25 November 2023

Simple single-process file locking/queueing in Node

In a single-process application with asynchronous IO—like a Node-based text editor—you need file locking to prevent race conditions when writing e.g. JSON config files.

This is because there is no built-in locking or atomicity in Node’s filesystem functions, so you can get situations like this:

  1. Event A fires, triggering a config file write. writeFile (A) is called and Node starts writing to disk.

  2. Event B fires, triggering another write. writeFile is called again (B), before write A has returned.

  3. The file ends up corrupted, with some data from write A and some from write B.

We can also see the following:

  1. Some code starts reading a file

  2. Another event fires and starts writing to the file while it’s being read

  3. The read sees a mixture of the file with and without the writes

So both reads and writes must be queued.

Luckily, we don’t need a full-fledged locking mechanism for this situation because we don’t need to worry about truly parallel processes interacting with the files. We can implement a simple queue, and JavaScript’s single-threaded event loop model ensures that updates to the queue’s state are atomic, avoiding the kind of fine-grained race conditions we would have to account for in a multi-process environment.

As a simple optimisation, if there is already a read in the queue and the code calls read() again, it just gets the existing promise.

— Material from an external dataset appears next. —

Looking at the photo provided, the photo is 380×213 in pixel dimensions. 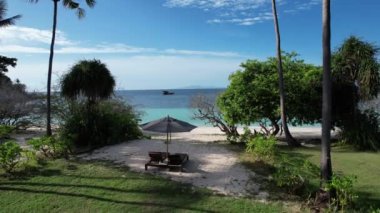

As a rough illustration, the code I have currently works like this (untested):

// one queue per file path
let queues = {};

let api = {
	async read(path) {
		/*
		reads can share a task, as there's no point reading the same data
		twice
		*/
		
		let existingTask = queues[path]?.find(task => task.type === "read");
		
		if (existingTask) {
			return existingTask.promise;
		}
		
		let task = {
			type: "read",
			promise: promiseWithMethods(),
			inProgress: false,
		};
		
		api.getQueue(path).push(task);
		
		api.checkQueue(path);
		
		return task.promise;
	}
	
	async write(path, data) {
		let task = {
			type: "write",
			data,
			promise: promiseWithMethods(),
			inProgress: false,
		};
		
		api.getQueue(path).push(task);
		
		api.checkQueue(path);
		
		return task.promise;
	}
	
	async checkQueue(path) {
		let queue = queues[path];
		let task = queue[0];
		
		if (task.inProgress) {
			// if there is a task in progress, we'll recur once it's done
			// to process the next task
			
			return;
		}
		
		// we have a task waiting and it hasn't been started yet; start it
		
		task.inProgress = true;
		
		try {
			if (task.type === "read") {
				task.promise.resolve(await api._read(path));
			} else {
				task.promise.resolve(await api._write(path, task.data));
			}
			
			// finally clause below is executed before any other promise
			// callbacks are called/awaits resumed
		} catch (e) {
			task.promise.reject(e);
		} finally {
			queue.shift();
			
			if (queue.length > 0) {
				api.checkQueue(path);
			} else {
				delete queues[path];
			}
		}
	}
	
	async _read(path) {
		return (await fs.readFile(path)).toString();
	}
	
	async _write(path, data) {
		return await fs.writeFile(path, data);
	}
}

/*
util - Promise that can be resolved/rejected from outside
*/

function promiseWithMethods() {
	let resolve;
	let reject;
	
	let promise = new Promise(function(res, rej) {
		resolve = res;
		reject = rej;
	});
	
	promise.resolve = resolve;
	promise.reject = reject;
	
	return promise;
}

One subtlety that has to be considered when writing the logic above is the order in which promise callbacks are called, or awaits are resumed, when promises are settled. Fortunately, in JavaScript this works as you would hope: callbacks are called in the order they’re added, which means that code immediately following the original await of a promise is executed before any awaits or then()s that are added subsequently. This means that from the perspective of code outside of checkQueue, there is never a state where a task is complete but hasn’t been removed from the queue yet.